I recommend all of you change your BT port range to a block of approx. 20 ports over 10000 but below 60000.

Does this apply to ONLY older versions of Bittornado ? Because when i look at my port settings for BitTornado it is ALREADY set to "randomize" between 10000 and 60000.

What would be the point of me manually picking out a range?

 Post subject:
PostPosted: Wed Sep 29, 2004 11:15 pm 
the only point to picking out a range would be to open ports in your firewall, whether this be Windows XP one or another or for people with routers, etc. then their ports can be forwarded
try this link

 Post subject: ah
PostPosted: Thu Sep 30, 2004 1:20 pm 
ah thanks.

Im using a cable modem with comcast, as far as i know i dont have a firewall. So this isnt relevant for me im guessing?

 Post subject:
PostPosted: Sun Oct 03, 2004 8:20 am 
no firewall. then no. but u should.
other tips....
1. make sure your logged on as actually "Administrator". do not log on with any account that just has administrator privileges.
2. start - run - type gpedit.msc
3. expand the "local computer policy" branch
4. expand the "administrative templates" branch
5. expand the "network branch"
6. Highlight the "QoS Packet Scheduler" in left window
7. in right window double click the "limit reservable bandwidth" setting
8. on setting tab check the "enabled" item
9. where it says "Bandwidth limit %" change it to read 0

Effect is immediate on some systems, some need to re-boot. This is more of a "counter what XP does" thing. In other words, programs can request up to 20% of the bandwidth be reserved for them, even with QoS disabled, this is no big deal and most programs do not request it.
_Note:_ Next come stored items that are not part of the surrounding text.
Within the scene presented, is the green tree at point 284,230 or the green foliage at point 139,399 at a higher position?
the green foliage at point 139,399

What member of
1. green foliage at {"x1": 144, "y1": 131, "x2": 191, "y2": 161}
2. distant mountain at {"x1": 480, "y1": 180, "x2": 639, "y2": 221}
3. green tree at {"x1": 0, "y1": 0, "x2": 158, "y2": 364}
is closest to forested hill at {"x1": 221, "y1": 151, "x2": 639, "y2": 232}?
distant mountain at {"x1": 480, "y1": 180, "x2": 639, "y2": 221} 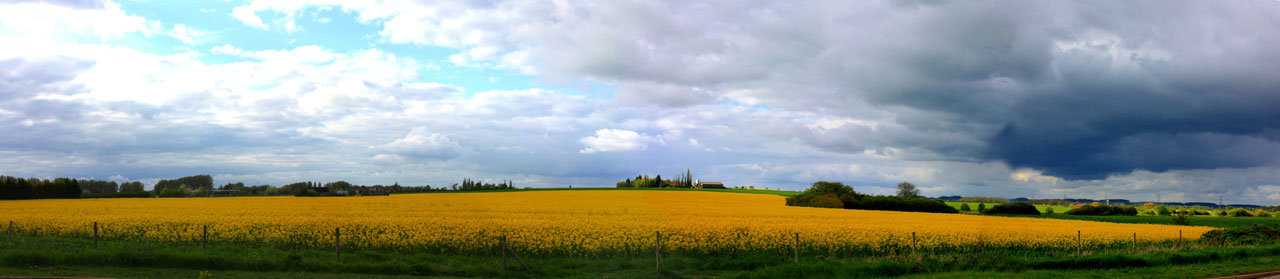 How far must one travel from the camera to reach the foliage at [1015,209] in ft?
230

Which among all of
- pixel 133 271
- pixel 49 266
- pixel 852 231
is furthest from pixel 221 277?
pixel 852 231

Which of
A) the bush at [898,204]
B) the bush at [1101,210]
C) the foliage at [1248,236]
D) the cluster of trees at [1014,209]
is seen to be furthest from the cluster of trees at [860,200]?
the foliage at [1248,236]

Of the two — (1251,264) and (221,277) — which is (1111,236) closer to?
(1251,264)

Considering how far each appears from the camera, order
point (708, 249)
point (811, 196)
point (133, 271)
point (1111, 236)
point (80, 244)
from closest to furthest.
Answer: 1. point (133, 271)
2. point (708, 249)
3. point (80, 244)
4. point (1111, 236)
5. point (811, 196)

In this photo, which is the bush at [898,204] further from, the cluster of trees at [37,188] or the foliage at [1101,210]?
the cluster of trees at [37,188]

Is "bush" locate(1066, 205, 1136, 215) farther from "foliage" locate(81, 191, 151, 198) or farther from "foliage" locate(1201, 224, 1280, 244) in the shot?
"foliage" locate(81, 191, 151, 198)

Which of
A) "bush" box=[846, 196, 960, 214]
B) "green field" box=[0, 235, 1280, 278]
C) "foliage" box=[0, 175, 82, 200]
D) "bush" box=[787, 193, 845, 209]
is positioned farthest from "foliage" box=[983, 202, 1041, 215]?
"foliage" box=[0, 175, 82, 200]

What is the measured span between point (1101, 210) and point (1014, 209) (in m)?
8.36

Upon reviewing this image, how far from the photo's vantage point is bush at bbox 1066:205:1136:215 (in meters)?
68.6

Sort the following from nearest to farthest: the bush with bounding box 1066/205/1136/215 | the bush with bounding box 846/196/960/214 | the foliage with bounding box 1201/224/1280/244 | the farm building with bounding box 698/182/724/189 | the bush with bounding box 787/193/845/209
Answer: the foliage with bounding box 1201/224/1280/244 → the bush with bounding box 787/193/845/209 → the bush with bounding box 846/196/960/214 → the bush with bounding box 1066/205/1136/215 → the farm building with bounding box 698/182/724/189

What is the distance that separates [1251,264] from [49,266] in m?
37.7

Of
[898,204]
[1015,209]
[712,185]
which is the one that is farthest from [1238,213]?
[712,185]

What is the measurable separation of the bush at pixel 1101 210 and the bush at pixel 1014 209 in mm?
3619

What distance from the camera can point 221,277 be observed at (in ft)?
58.8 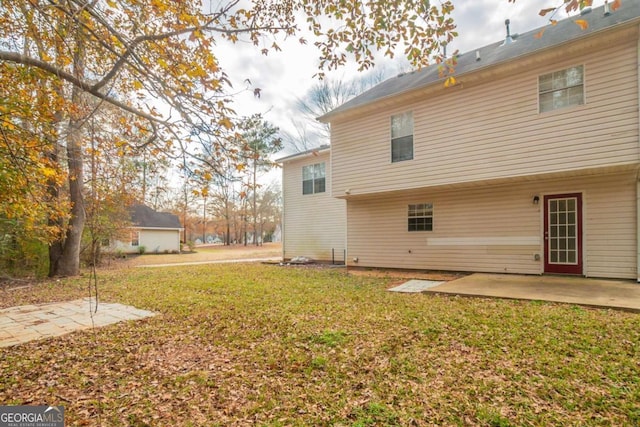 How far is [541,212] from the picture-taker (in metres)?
7.46

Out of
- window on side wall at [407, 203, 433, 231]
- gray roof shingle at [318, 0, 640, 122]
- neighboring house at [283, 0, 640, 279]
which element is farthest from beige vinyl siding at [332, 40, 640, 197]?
window on side wall at [407, 203, 433, 231]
So, although QOS has caused a big stink because people think it reserves 20% of their bandwidth, you can still disable it, just to be sure, hehe.

Here's how to do it in Norton Internet Security 2004:

**On the left side of the interface, click on Status and Settings.
**Click on Personal Firewall in the main display.
**Click on Configure in the lower right corner.
**Select the Advanced tab.
**Click the General button.
**Click the Add button.
**Make sure the Permit radio button is selected and then hit Next.
**Select the Connections to and from other computers radio button. Click Next.
**Make sure the Any computer radio button is selected and click Next.
**The TCP and UDP radio button should be selected. Select the Only the types of communication or ports listed below radio button.
**Click the Add button.
**Under Filter by, select Individually specified ports. Make sure the Remote button is selected under Locality.
**Enter the port your BT client uses to connect, such as 6881.
**Click OK.
**This will take you back to the Add Rule dialog box. Click Next.
**Don't select any of the notification options, or you will be bombarded with Security Alerts. Click Next.
**Type in a descriptive name for the firewall rule. Click Next.
**Select the appropriate location for this new rule. If you're using your home computer, the word Active should appear in parentheses next to Home. Select that one. Click Next.
**Review the summary page and click Finish.